Exercise prompt:
At the line containing "Toronto C01, ON M5T 1P1,68A Oxford ST", begin setting down the entries exactly, and stop only after the last line.

Data for this exercise:

·····

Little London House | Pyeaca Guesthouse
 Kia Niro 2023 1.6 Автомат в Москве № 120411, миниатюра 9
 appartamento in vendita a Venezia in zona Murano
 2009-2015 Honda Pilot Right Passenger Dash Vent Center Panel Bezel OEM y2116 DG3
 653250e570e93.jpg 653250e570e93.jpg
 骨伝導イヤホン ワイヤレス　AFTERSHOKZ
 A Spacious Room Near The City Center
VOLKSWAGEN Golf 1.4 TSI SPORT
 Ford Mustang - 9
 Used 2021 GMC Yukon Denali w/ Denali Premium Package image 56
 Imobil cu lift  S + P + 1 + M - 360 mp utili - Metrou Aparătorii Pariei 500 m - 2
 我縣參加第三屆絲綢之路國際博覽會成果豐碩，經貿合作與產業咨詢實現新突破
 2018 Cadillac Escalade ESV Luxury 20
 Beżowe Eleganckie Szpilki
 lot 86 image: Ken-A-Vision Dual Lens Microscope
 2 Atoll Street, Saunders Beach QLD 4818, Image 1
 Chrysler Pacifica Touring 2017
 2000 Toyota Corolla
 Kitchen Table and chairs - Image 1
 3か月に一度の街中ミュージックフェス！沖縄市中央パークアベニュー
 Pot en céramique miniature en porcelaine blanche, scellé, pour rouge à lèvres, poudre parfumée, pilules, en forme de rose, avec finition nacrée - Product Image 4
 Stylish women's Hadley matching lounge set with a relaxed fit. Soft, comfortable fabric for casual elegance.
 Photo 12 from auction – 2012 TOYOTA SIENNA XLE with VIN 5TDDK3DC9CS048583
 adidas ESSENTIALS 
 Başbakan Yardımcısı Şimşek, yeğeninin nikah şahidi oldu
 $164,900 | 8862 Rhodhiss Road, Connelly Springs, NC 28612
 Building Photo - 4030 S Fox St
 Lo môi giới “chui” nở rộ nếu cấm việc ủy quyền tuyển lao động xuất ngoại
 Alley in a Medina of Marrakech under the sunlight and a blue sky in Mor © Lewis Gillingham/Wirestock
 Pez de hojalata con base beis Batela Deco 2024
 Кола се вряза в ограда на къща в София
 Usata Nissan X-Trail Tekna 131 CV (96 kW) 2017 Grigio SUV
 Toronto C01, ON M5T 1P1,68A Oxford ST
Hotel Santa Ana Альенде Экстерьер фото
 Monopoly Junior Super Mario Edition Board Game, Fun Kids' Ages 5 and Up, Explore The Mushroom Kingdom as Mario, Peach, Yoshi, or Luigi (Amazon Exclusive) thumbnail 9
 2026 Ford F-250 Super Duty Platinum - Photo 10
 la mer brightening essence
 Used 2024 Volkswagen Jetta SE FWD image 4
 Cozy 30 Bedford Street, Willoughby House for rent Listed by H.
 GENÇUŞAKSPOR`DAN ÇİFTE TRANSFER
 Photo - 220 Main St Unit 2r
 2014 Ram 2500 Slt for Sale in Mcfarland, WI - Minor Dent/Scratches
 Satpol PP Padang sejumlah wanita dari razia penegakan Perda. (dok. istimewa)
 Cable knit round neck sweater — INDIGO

·····

Result of the task:
 Toronto C01, ON M5T 1P1,68A Oxford ST
Hotel Santa Ana Альенде Экстерьер фото
 Monopoly Junior Super Mario Edition Board Game, Fun Kids' Ages 5 and Up, Explore The Mushroom Kingdom as Mario, Peach, Yoshi, or Luigi (Amazon Exclusive) thumbnail 9
 2026 Ford F-250 Super Duty Platinum - Photo 10
 la mer brightening essence
 Used 2024 Volkswagen Jetta SE FWD image 4
 Cozy 30 Bedford Street, Willoughby House for rent Listed by H.
 GENÇUŞAKSPOR`DAN ÇİFTE TRANSFER
 Photo - 220 Main St Unit 2r
 2014 Ram 2500 Slt for Sale in Mcfarland, WI - Minor Dent/Scratches
 Satpol PP Padang sejumlah wanita dari razia penegakan Perda. (dok. istimewa)
 Cable knit round neck sweater — INDIGO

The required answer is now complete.